In [13]:
import time
import numpy as np
import torch
import torchvision
import torchvision.transforms as transforms
import matplotlib.pyplot as plt
from PIL import Image
import torch
from keras.datasets import cifar100

# Constants
n_labels = 20

image_size = 32*32*3


class Perceptron(torch.nn.Module):
    
    def __init__(self, n_hidden_units, n_hidden_layers, drop_rate=0.5):
        super(Perceptron, self).__init__()
        
        self.n_hidden_layers = n_hidden_layers
        
        # set up perceptron layers and add dropout, outputs linear transformation y = Wx + b
        self.linear_function_1 = torch.nn.Linear(image_size, n_hidden_units)
        
        # randomly zeroes some of the elements of the input tensor with probability p using samples from a 
        # Bernoulli distribution
        self.linear_function_1_drop = torch.nn.Dropout(drop_rate)
        
        # if number of hidden layers is 2
        if n_hidden_layers == 2:
            
            #TODO: don't know if I need these 
            self.linear_function_2 = torch.nn.Linear(n_hidden_units, n_hidden_units)
            
            self.linear_function_2_drop = torch.nn.Dropout(drop_rate)
            
        if n_hidden_layers == 3:
            
            self.linear_function_3 = torch.nn.Linear(n_hidden_units, n_hidden_units)
            
            self.linear_function_3_drop = torch.nn.Dropout(drop_rate)

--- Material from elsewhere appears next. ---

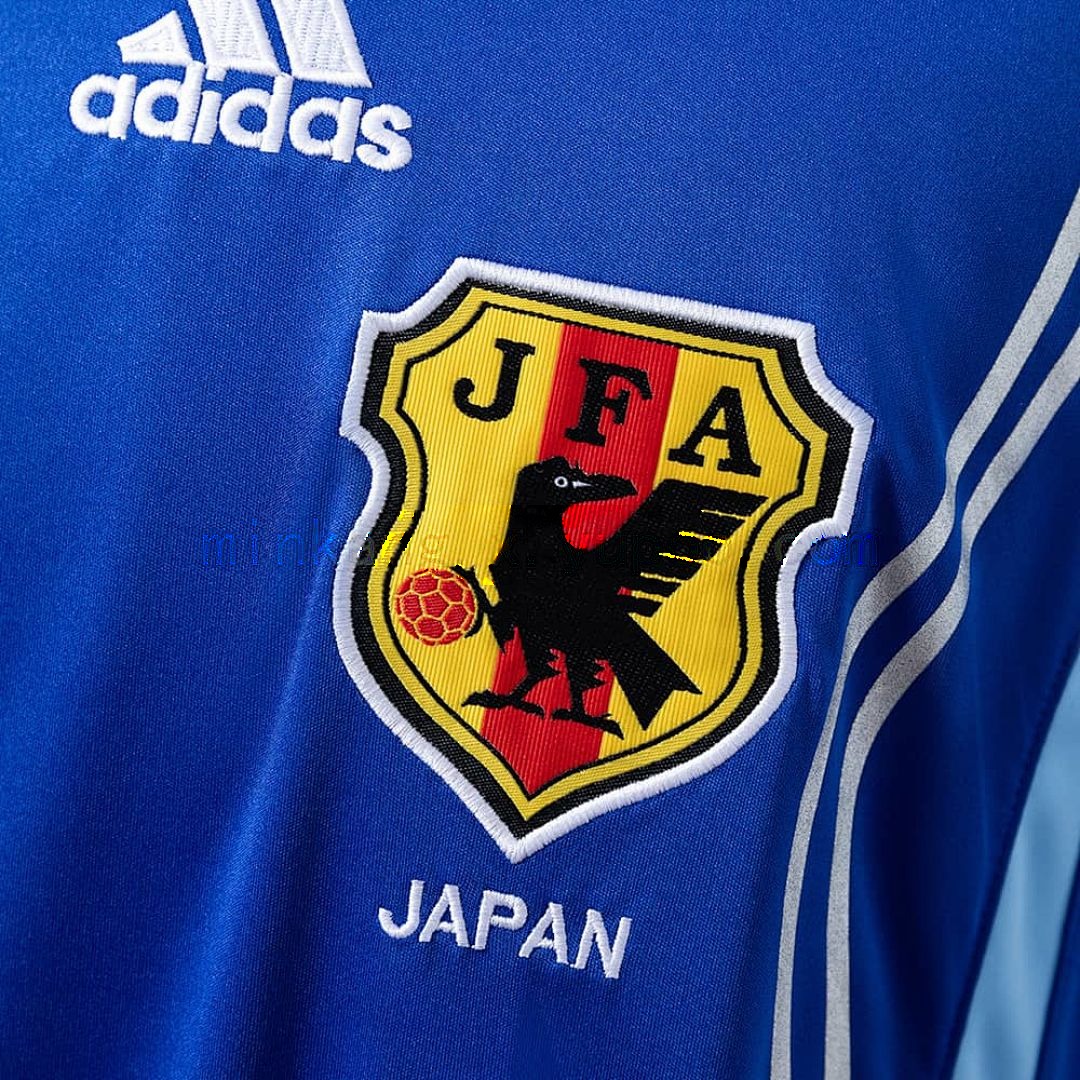 Japan 2006 Home Retro Jersey S-XXL 4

        self.output = torch.nn.Linear(n_hidden_units, n_labels)

    # feed forward the data 
    def forward(self, input_data):
        
        #View tensor shares the same underlying data with its base tensor. 
        #Supporting View avoids explicit data copy, thus allows us to do fast and memory 
        # efficient reshaping, slicing and element-wise operations.
        input_data = input_data.view(-1, image_size)
        #input_data = torch.flatten(input_data)
        
        # input x is passed to fully connected layer, then step function elu is applied, makes it non linear
        input_data = torch.nn.functional.elu(self.linear_function_1(input_data))
        
        input_data = self.linear_function_1_drop(input_data)
        
        if self.n_hidden_layers == 2:
         
            input_data = torch.nn.functional.elu(self.linear_function_2(input_data))
            
            input_data = self.linear_function_2_drop(input_data)
        
        if self.n_hidden_layers == 3:
         
            input_data = torch.nn.functional.elu(self.linear_function_3(input_data))
            
            input_data = self.linear_function_3_drop(input_data)
        
        # It is applied to all slices along dim, and will re-scale them so that 
        # the elements lie in the range [0, 1] and sum to 1
        return torch.nn.functional.log_softmax(self.output(input_data), -1)

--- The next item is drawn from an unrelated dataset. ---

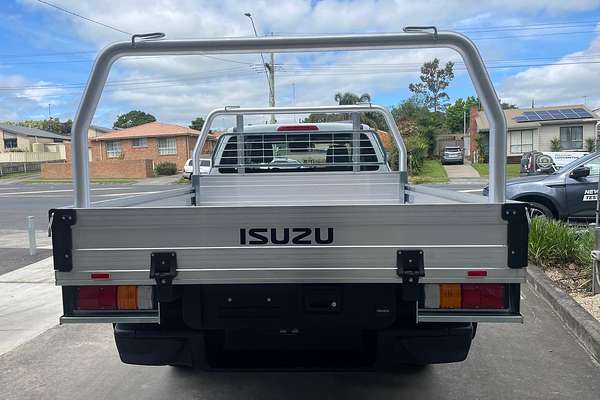 2025 Isuzu D-MAX SX 4X4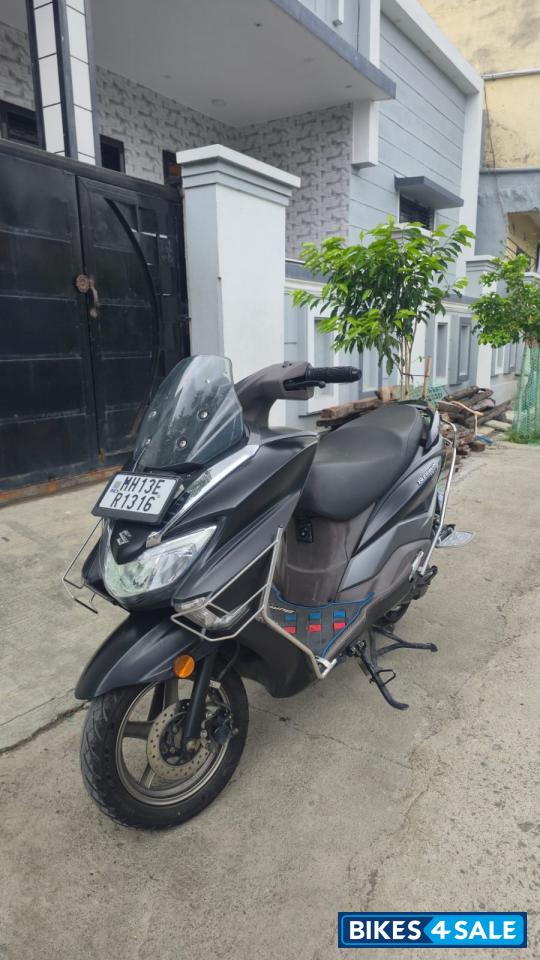 Suzuki Burgman Street EX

def get_index_best_prediction(predictions):
    index_best_prediction = predictions.max(1)[1] 
    return index_best_prediction



def train_classifier(classifier, train_loader, optimizer, log_interval=100):
    
    # switch the module mode to .train() so that new weights can be learned after every epoch
    classifier.train()
    
    num_correct_predictions = 0
    
    # total number of data points 
    num_data_points = len(train_loader.dataset)
    
    for batch, (training_data, training_labels) in enumerate(train_loader):
     
        # sets the gradients to zero before we start back propogation 
        optimizer.zero_grad()
        
        # pass training data into model 
        prediction = classifier(training_data)
        
        predictions = prediction.data

        # TODO: make this into a function - plus the one below it 
        # get the index of the max log-probability
        best_prediction = predictions.max(1)[1] 
        
        # determine number of correct predictions 
        num_correct_predictions += (best_prediction.eq(training_labels.data)).sum()
        
        accuracy = num_correct_predictions / num_data_points * 100.00
        
        # calculate negative log likelihood loss
        loss = torch.nn.functional.nll_loss(prediction, training_labels)
        
        # automatically performs the back propogation 
        loss.backward()
        
        # updates the weights accordingly
        optimizer.step()

def calculate_predictions(classifier, validation_loader):
    
    # the common practice for evaluating/validation is using torch.no_grad() 
    # in pair with model.eval() to turn off gradients computation
    classifier.eval()
    
    correct_predictions = 0
    
    with torch.no_grad():
        for training_data, training_labels in validation_loader:
            
            output = classifier(training_data)
            
            # get the index of the max log-probability
            best_prediction = output.data.max(1)[1] 
            
            # Compares two tensors element-wise for equality if they are broadcast-compatible; or returns False if they are not broadcast-compatible
            # .sum() Returns the sum of all elements in the input tensor.
            correct_predictions += best_prediction.eq(training_labels.data).sum()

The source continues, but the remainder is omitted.